The <target> will be a path to a file, possibly a directory. The protocol allows the path to be followed by a "?" character and some additional characters. For this lab, you can strip them off and discard them (or just ignore the possibility). Remember that the target will be URL encoded, so you should decode it before using it.
Finding and Sending the File
A web server is designed to serve files from a certain directory. The directory that is used is part of the web server configuration. You can use your own www directory or some other public directory of your choice. (It should be public so the server can use it when I run the server.) I have put a copy of my JavaNotes web site in /classes/cs441/javanotes7 and you are welcome to use that directory if you want.
The <target> path starts in the server directory. That is, the target has to be appended to the directory to get the path to the actual file. You might check out NetSrv.java to see how I handle it there.
Once you have the actual File, you need to check whether the file exists and whether it can be read, and send an appropriate error response (404 Not Found or 403 Forbidden). If the requested file is a directory, you have a decision to make. Sometimes a web server considers a request for a directory to be Forbidden, but sometimes it responds to such a request by sending a list of files in the directory. If you want to do the latter, you need to create an HTML document on the fly, with the file names formated as hyperlinks to the files. Another option, which is used by many servers, is to consider index.html to be the default file in a directory. That is, if the request is a request for a directory and if the directory contains a file named index.html, then send index.html as the response.
Finally, when you are ready to send a file, you need to create a legal response. The first line of a response to a successful request should be
HTTP/1.1 200 OK
followed, don't forget, by CRLF. You should send at least a "Connection: close" header and a "Content-Type: <type>" header. It is desirable to send a "Content-Length: <bytes>" header, but the server will work without it as long as you are closing the connection after sending the file. Don't forget two CRLFs after the last header line, followed by the contents of the file.
About Content-Length, Content-Type, and Error Responses
The File class has a length() method that returns the number of bytes in the file, as a value of type long, so getting the Content-Length for a file is easy.
For the Content-Type, you can determine the type by looking at the file extension in the file name. One simple way to handle this is to write a method that looks at the file extension and returns the appropriate type. To handle the most common situations, you will need at least the following
Extension Content-Type --------- ------------ .html, .htm text/html .css text/css .js application/javascript .txt text/plain .gif image/gif .jpeg, .jpg image/jpeg .png image/png
You might want to add more. (For example, if you are using javanotes7 for your web site, you can send a content type of text/plain for .java files.) You can use application/octet-stream as the default in cases where you can't determine the content type. Remember that extensions are not case-sensitive.

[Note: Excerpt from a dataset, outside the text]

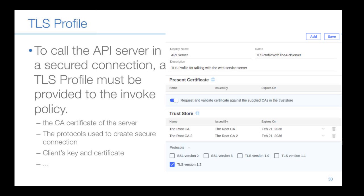If the API server requires a secure connection over HTTPS, a TLS profile must be provided to the invoke policy. Users can create TLS profiles in the admin console. A TLS profile should contain information like the CA certificate of the API server, the TLS version, and the application's private key and certificate.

If you want to do something fancy, you could read and parse the contents of the file /etc/mime.types to make a hash table mapping extensions to mime types.
When sending an error message as a response, you should include some data in the response. Remember that the user of the browser will only see the stuff that comes after the header section of the response. You can create an error message in either plain text or HTML format, and include a Content-Type header to match.